Wadie Williams, Jr., MS, RRT, RCP, CerAT, MEMS(S)
Lieutenant Colonel (LTC), Texas Military Forces, Texas State Guard, Medical Brigade
Williams is the respiratory care department and dermatology therapeutics manager at the Houston Methodist Hospital in the Texas Medical Center. He has served in the military for 13 years, and is still active.
“Probably one of the more memorable moments for me was during the early part of my service in the Texas State Guard,” Williams said.
Williams was deployed on a humanitarian medical mission in South Texas for two weeks, providing medical services to those in need as a part of their annual Joint Training Exercise with the Texas Department of Health and Human Services. It was during a roving medic assignment that Williams was requested to assist someone in the Tactical Operations Center (TOC) who was having breathing problems.
“I hustled across the field to the TOC and was met by another soldier who was giving me an update while I made my way inside,” Williams said. “When I arrived, I asked ‘who was the patient.’ To my surprise, it was a general! I snapped a quick salute and asked his permission to check him out, to which he nodded yes.”
Williams could hear that the general’s breathing was labored with some audible wheezing, but he did not observe any other concerning symptoms at that time.
“I asked him to nod yes or no to my questions to help him not stress his breathing by talking,” Williams said. “I asked if he had this happen before and he indicated he had asthma and took inhaler medication.”
Williams pressed his stethoscope against the general’s uniform and could hear wheezing in both upper and middle lobes. He then asked him about what bronchodilator meds he took. Williams happened to have a spare inhaler on him and proceeded to administer it, coaching the general on taking in medicated puffs.
“After a few minutes we repeated the procedure and his breathing eased considerably,” Williams said. “After several more minutes, he was breathing comfortably, and his breath sounds had improved.”
The following day, while Williams was making his roving medic rounds, he was again met by the same general.

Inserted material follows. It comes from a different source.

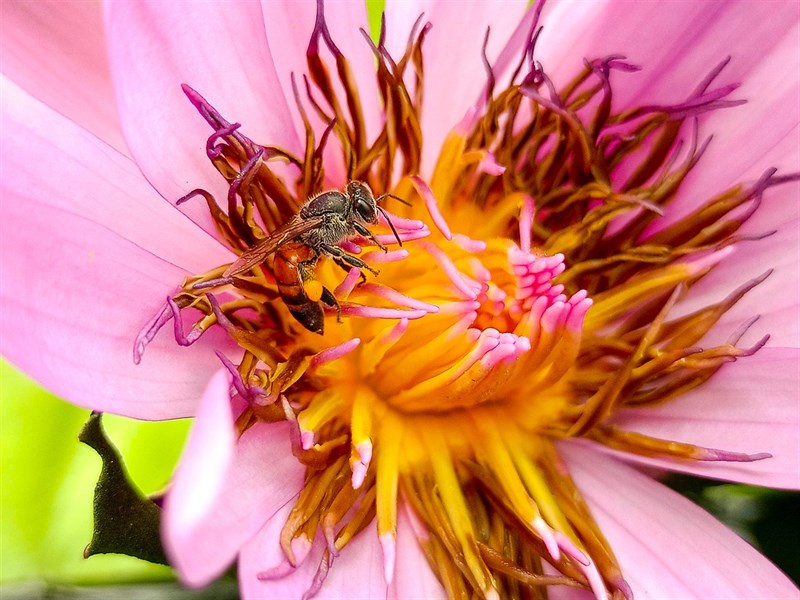 Ảnh macro Ảnh macro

“He bellowed out my name, which somewhat startled me, and I stopped dead in my tracks,” Williams said. “He held out his hand as if he wanted to shake mine, so I extended mine and took his. Upon doing so, I felt an object pressed against my palm. When we released our shake, I looked at the ribbon he had ‘palmed’ me with. It was a Commanding General’s Individual Award ribbon. He thanked me again for treating him the day before and continued on his way.”